Ahmad Zuhairi, SH., MH
Belum lama ini kita dikagetkan oleh kasus yang fantastis yaitu penetapan 41 dari 45 orang anggota DPRD Kota Malang. Namun belum cerita ini usai, giliran anggota DPRD Kota Mataram yang terkena Operasi Tangkap Tangan (OTT) oleh Kejaksaan Negeri Mataram karena diduga melakukan meminta bagian dari dana rehabilitasi sekolah pasca gempa. Fenomena korupsi di anggota Dewan yang terhormat ini membuat kita pesimis akan keberlangsungan demokrasi kita di masa yang akan datang. Dalam Undang-Undang Tipikor, orang yang melakukan korupsi pada saat terjadi bencana, maka diancam dengan pidana pemberatan bahkan ancaman pidananya sampai hukuman mati (Pasal 2 ayat (2) UU No. 31 Tahun 1999 jo UU No. 20 Tahun 2001 tentang Pemberantasan Tindak Pidana Korupsi).
Jika kita belajar dari sejarah demokrasi di Athena, Yunani, sebuah Negara kelahiran demokrasi yang pertama, dalam konsep demokrasi yaitu kedaulatan tertinggi ada di tangan rakyat, sehingga dalam perwujudan itu tidak semua rakyat harus mengurusi kepentingan publik sehingga diserahkan sebagian kewenangan itu melalui mekanisme perwakilan yang disebut dengan parlemen. Dalam mengutus seorang parlemen, masyarakat Athena akan melakukan pemilihan terhadap orang terbaik yang dapat mewakili kepentingannya sehingga tidak disalah gunakan. Oleh karena pemilihan sangat selektif, sehingga demokrasi bisa mencapai tujuannya yaitu welfare state (Negara kesejahteraan), Proses penunjukan figur yang dianggap pantas menjadi parlemen ini merupakan sesuatu yang fundamental dalam sistem demokrasi.

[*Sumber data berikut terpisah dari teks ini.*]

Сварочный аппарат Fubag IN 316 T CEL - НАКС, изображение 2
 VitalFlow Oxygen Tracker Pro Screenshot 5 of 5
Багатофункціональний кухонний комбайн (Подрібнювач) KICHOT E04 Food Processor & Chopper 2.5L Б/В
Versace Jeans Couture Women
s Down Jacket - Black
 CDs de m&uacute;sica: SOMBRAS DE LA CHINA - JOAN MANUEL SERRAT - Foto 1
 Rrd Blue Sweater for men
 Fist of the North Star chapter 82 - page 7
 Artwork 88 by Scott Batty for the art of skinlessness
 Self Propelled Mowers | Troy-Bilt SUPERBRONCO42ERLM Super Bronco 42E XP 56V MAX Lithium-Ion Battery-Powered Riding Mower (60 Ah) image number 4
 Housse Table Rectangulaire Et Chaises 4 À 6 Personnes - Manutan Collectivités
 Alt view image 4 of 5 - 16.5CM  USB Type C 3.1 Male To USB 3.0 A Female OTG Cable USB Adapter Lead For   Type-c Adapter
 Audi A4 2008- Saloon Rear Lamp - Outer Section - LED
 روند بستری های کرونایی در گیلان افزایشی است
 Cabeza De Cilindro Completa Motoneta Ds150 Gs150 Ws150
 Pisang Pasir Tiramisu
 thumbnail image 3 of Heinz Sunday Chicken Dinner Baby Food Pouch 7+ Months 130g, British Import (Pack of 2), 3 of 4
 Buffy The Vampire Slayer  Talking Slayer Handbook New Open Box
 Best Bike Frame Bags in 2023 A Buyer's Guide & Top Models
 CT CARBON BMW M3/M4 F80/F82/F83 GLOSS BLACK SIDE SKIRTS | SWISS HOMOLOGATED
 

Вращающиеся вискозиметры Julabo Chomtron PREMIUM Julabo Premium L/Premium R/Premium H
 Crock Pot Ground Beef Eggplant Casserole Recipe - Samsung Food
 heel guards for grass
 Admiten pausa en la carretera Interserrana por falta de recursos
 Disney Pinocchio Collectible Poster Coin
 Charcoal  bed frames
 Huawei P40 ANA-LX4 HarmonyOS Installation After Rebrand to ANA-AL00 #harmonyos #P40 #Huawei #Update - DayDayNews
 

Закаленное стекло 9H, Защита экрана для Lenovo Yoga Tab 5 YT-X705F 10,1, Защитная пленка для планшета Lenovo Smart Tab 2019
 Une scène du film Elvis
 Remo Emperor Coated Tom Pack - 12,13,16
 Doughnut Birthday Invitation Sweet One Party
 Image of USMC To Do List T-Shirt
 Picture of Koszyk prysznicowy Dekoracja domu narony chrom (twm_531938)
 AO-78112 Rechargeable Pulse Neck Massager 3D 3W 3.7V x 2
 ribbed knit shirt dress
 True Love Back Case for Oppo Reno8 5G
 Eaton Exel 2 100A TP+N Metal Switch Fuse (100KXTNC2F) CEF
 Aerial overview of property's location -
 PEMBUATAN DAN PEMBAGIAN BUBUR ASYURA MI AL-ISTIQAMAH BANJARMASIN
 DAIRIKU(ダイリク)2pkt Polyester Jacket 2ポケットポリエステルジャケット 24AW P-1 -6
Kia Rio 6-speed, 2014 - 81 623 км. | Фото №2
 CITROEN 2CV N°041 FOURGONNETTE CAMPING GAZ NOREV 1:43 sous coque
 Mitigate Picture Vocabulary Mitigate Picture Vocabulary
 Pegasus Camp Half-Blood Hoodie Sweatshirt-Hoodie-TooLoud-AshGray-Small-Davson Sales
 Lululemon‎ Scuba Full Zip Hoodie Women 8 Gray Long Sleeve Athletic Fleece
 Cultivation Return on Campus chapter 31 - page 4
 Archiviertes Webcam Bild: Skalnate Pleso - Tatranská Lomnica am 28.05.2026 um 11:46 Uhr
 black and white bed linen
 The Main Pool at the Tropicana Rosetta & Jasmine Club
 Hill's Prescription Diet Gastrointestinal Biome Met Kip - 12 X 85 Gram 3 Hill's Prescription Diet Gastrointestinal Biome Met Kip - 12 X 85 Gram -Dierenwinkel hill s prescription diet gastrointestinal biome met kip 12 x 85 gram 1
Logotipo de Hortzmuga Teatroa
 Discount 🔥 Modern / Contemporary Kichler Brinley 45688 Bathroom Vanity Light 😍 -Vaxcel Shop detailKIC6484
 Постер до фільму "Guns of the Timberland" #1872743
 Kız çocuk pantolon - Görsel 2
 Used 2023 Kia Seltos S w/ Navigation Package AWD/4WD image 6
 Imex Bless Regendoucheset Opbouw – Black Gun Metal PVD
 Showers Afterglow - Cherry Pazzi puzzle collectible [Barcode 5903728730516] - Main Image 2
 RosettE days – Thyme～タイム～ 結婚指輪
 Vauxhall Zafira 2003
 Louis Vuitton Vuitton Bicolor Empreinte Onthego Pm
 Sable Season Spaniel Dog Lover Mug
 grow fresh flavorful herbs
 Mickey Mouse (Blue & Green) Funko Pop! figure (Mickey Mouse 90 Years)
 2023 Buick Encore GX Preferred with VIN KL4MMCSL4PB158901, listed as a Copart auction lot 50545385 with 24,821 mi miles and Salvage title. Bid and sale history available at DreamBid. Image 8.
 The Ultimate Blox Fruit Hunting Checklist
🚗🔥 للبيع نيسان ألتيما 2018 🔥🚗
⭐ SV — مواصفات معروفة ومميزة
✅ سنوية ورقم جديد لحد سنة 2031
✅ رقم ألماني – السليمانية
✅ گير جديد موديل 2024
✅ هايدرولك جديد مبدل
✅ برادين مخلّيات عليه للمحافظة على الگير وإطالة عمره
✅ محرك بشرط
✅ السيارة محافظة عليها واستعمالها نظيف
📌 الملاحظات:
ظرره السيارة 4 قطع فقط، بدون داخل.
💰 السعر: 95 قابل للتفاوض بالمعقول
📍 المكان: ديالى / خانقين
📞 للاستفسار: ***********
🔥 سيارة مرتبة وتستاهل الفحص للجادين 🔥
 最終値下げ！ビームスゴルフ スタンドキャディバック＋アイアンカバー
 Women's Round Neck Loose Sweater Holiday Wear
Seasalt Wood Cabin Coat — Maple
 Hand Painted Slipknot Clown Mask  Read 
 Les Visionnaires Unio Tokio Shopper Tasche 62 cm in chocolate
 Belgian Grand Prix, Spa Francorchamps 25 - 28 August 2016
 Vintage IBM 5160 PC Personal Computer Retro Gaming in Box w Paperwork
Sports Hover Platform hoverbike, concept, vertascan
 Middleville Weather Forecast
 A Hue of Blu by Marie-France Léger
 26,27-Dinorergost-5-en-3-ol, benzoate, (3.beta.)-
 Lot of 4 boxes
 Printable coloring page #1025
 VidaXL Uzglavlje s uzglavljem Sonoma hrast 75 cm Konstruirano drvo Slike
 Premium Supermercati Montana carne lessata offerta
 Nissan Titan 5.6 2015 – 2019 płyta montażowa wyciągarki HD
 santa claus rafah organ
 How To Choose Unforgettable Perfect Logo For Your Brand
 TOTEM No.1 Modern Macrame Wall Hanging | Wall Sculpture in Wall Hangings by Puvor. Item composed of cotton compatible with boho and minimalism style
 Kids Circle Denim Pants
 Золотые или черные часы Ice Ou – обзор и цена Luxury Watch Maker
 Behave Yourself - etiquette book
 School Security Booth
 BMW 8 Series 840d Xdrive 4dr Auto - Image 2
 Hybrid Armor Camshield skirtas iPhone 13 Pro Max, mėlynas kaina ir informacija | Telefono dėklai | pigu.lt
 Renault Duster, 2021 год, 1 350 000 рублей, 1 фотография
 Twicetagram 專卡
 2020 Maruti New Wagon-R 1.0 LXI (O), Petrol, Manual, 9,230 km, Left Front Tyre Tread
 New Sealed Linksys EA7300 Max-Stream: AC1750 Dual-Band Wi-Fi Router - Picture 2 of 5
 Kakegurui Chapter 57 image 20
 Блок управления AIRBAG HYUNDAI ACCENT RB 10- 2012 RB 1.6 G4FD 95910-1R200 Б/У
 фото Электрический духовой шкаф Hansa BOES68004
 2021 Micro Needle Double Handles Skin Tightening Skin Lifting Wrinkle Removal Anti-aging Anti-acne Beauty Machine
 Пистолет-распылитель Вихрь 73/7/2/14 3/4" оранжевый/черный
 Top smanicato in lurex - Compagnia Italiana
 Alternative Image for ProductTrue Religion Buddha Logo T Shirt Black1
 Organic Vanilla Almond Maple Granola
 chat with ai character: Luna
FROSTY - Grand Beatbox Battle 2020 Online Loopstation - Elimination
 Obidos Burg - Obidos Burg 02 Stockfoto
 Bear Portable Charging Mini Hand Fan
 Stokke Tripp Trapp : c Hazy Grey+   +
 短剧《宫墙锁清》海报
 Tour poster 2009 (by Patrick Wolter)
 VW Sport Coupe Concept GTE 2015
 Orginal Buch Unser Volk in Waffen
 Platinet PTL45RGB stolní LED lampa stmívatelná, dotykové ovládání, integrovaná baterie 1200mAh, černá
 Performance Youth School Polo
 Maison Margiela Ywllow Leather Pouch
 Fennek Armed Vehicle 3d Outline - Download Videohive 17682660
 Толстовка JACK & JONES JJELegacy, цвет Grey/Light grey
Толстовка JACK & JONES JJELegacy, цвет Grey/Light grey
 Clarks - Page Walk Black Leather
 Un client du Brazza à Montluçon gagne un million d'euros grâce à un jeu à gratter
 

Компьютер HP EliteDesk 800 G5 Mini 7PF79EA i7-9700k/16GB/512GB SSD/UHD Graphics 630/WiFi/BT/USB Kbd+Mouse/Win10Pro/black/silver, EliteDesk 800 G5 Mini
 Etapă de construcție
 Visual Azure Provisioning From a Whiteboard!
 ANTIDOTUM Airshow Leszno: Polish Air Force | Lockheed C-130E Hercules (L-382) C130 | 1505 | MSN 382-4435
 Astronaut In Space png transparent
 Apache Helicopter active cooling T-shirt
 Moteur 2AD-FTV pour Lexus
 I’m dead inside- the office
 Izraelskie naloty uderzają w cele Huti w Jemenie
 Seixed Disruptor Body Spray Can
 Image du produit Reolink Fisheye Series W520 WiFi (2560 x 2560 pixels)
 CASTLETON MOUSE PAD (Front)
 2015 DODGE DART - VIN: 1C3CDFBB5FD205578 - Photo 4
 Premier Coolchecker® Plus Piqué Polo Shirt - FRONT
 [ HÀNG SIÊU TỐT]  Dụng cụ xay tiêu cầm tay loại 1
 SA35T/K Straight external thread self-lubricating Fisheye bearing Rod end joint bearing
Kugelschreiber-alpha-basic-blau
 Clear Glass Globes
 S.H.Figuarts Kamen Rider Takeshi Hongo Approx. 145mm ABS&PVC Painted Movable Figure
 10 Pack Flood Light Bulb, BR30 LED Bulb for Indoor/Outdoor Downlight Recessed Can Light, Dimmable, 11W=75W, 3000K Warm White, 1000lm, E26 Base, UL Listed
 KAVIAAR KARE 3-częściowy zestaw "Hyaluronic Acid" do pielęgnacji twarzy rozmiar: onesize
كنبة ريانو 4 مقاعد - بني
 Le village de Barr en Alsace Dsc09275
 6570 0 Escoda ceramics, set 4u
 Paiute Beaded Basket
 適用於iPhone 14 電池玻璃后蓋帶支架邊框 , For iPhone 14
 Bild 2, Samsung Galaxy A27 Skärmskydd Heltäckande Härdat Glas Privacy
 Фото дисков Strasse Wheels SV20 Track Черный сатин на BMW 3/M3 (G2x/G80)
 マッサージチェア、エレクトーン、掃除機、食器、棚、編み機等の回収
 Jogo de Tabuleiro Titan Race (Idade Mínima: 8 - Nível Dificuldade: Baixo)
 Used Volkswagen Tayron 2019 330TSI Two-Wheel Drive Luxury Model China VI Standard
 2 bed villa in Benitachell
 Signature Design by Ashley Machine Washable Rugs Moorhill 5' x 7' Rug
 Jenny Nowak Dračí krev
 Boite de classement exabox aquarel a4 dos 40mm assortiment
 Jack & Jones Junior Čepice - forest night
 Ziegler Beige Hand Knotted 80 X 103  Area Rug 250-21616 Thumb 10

Melihat kenyataan yang ada sekarang ini, kita belum menemukan sistem ketata negaraan yang lebih baik dari sistem demokrasi sehingga untuk sampai saat ini, demokrasi masih dianggap sistem yang terbaik dari semua sistem yang ada. Di Indonesia kita menganut sistem demokrasi sebagai sistem ketatanegaraan, dengan pemilihan umum sebagai perwujudannya, di mana presiden, DPR, dan kepala daerah dipilih secara langsung oleh rakyat. Kemudian untuk mewujudkan percepatan pemerataan, pemerintah mengeluarkan undang-undang otonomi daerah yaitu Undang-Undang 32 Tahun 2004 dan diiringin oleh Undang-Undang No. 33 Tahun 2004 tentang Perimbangan Keuangan Daerah. Undang-Undang inilah yang pertama kali melegalisasi pemilihan kepala daerah dan DPRD dipilih langsung oleh rakyat. Namun niatan desentralisasi ini untuk mewjudkan percepatan pemertaan di Indonesia, namun yang terjadi adalah munculnya raja-raja kecil di daerah, dan DPRDnya menjadi penghambat kemajuan daerah karena uang APBD banyak dikorupsi oleh mereka.
Lalu siapa yang salah?
Kalau melihat sistem yang ada, dalam pemilihan anggota DPRD lima tahunan sekali, yang memilih adalah rakyat, one man one vote. Sehingga yang menjadi pertanyaan adalah kenapa rakyat masih banyak memilih koruptor menjadi perwakilannya di DPR, inilah menjadi PR besar kita sebagai bangsa Indonesia bagaimana membuat masyarakat bisa menjadi pemilih cerdas. Karena pemilih cerdas, pertimbangan yang dipakai dalam memilih adalah track record, prestasi, integritas dan moralitas calon. Berbeda dengan pemilih fanatik dan pemilih awam. Pemilih fanatik memilih bukan berdasarkan logika track record, prestasi dan integritas tapi berdasarkan fanatisme suku, golongan, organisasi. Begitu pula halnya dengan pemilih awam, pemilih awam banyak berkutat pada persoalan perut, sehingga siapa yang berani membayar dia, maka dialah yang akan dipilih. Sehingga dua pemilih terakhir inilah yang berpotensi menghasilkan calon-calon anggota dewan yang korup atau memilih anggota dewan yang eks narapidana korupsi. Meskipun MA telah memutuskan meloloskan calon eks narapidana korupsi tapi jika pemilih kita sudah mulai menjadi pemilih cerdas tentu calon-calon tersebut tidak akan terpilih. Ungkapan tersebut pernah dinyatakan oleh Prof. Taverne, seorang Yuris Belanda, bahwa: “Sediakan saya hakim yang adil, dengan hukum yang burukpun, keadilan bisa ditegakkan”. Artinya bukan sistemnya yang persoalan tapi adalah manusianya. Oleh karenanya, ini adalah pekerjaan rumah yang cukup berat buat KPU dan Bawaslu sebagai penyelenggara untuk mengajak masyarakat menjadi pemilih cerdas, serta menjadi tanggung jawab bersama juga sebagai masyarakat Indonesia, sehingga anggota dewan yang terhormat kita yang duduk di DPR bebas dari korupsi.